Niemiecki SUV za 94 900 zł. Ma 136 KM i porządne wyposażenie

3 tygodni temu

Taka oferta z pewnością nie powinna być lekceważona. Widać, iż europejscy producenci starają się odpowiadać na cenniki chińskich marek, które są niezwykle atrakcyjne. Na tych zmianach rynkowych zyskują klienci, którzy mogą kupić taniej pożądany model. Ten niemiecki SUV jest tego kolejnym dowodem.

Stylowe auto

Podążanie za aktualnie panującymi trendami jest bardzo istotne. Marki motoryzacyjne tak kształtują gamy produktowe, by spełniały oczekiwania jak największej grupy klientów. Właśnie dlatego konieczne jest projektowanie modnych sylwetek, które przyciągają wzrok.

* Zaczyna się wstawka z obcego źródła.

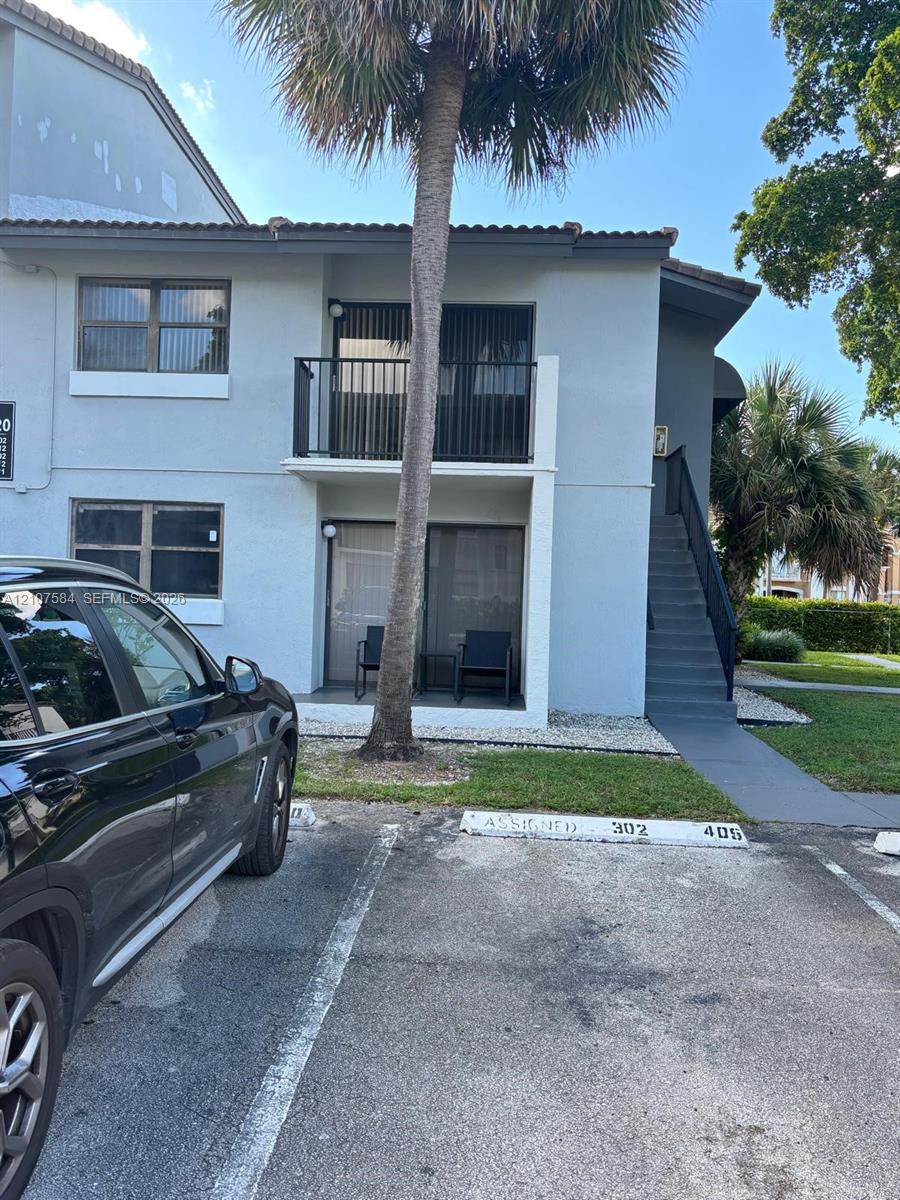 Two-story exterior featuring a private balcony, ground-level patio, exterior staircase, and assigned parking spaces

Ten niemiecki SUV wpisuje się w wyżej wspomnianą charakterystykę stylistyczną. Ma zgrabne nadwozie, które jeszcze nie zdążyło się znudzić. Duża w tym zasługa atrakcyjnych detali, które okraszono dobrymi proporcjami.

Opel Mokka – przód, fot. Wojciech Krzemiński

Jego debiut rynkowy nastąpił w 2020 roku. Niedawno doczekaliśmy odświeżonej wersji, która przyniosła drobne zmiany z zewnątrz i we wnętrzu. Bez względu na rocznik, to jednak solidne i bardzo przyjazne auto.

Opel Mokka, bo właśnie o nim mowa, należy do segmentu B. Jego bliskimi krewnymi są DS 3 Crossback i Peugeot 2008. Natomiast wśród największych rywali spoza koncernu należy wyróżnić Renault Captur.

Doładowany silnik w standardzie

Niemiecki SUV występuje wyłącznie z jednostką benzynową, która zawsze dysponuje turbosprężarką. To trzycylindrowa konstrukcja o pojemności 1,2 litra. Początkowo miała swoje problemy z rozrządem, ale zostały one wyeliminowane dzięki zmianie paska na łańcuch.

Prezentowany Opel Mokka z takim silnikiem generuje 136 koni mechanicznych i 230 niutonometrów. Przy jego gabarytach są to wystarczające wartości, by dynamika nie budziła żadnych zastrzeżeń.

Opel Mokka – tył, fot. Wojciech Krzemiński

Auto przyspiesza do 100 km/h w zaledwie 8,9 sekundy i potrafi rozpędzać się do 208 km/h. Większość konkurentów, na przykład SEAT Arona, nie dysponuje taką dynamiką w podstawowej wersji.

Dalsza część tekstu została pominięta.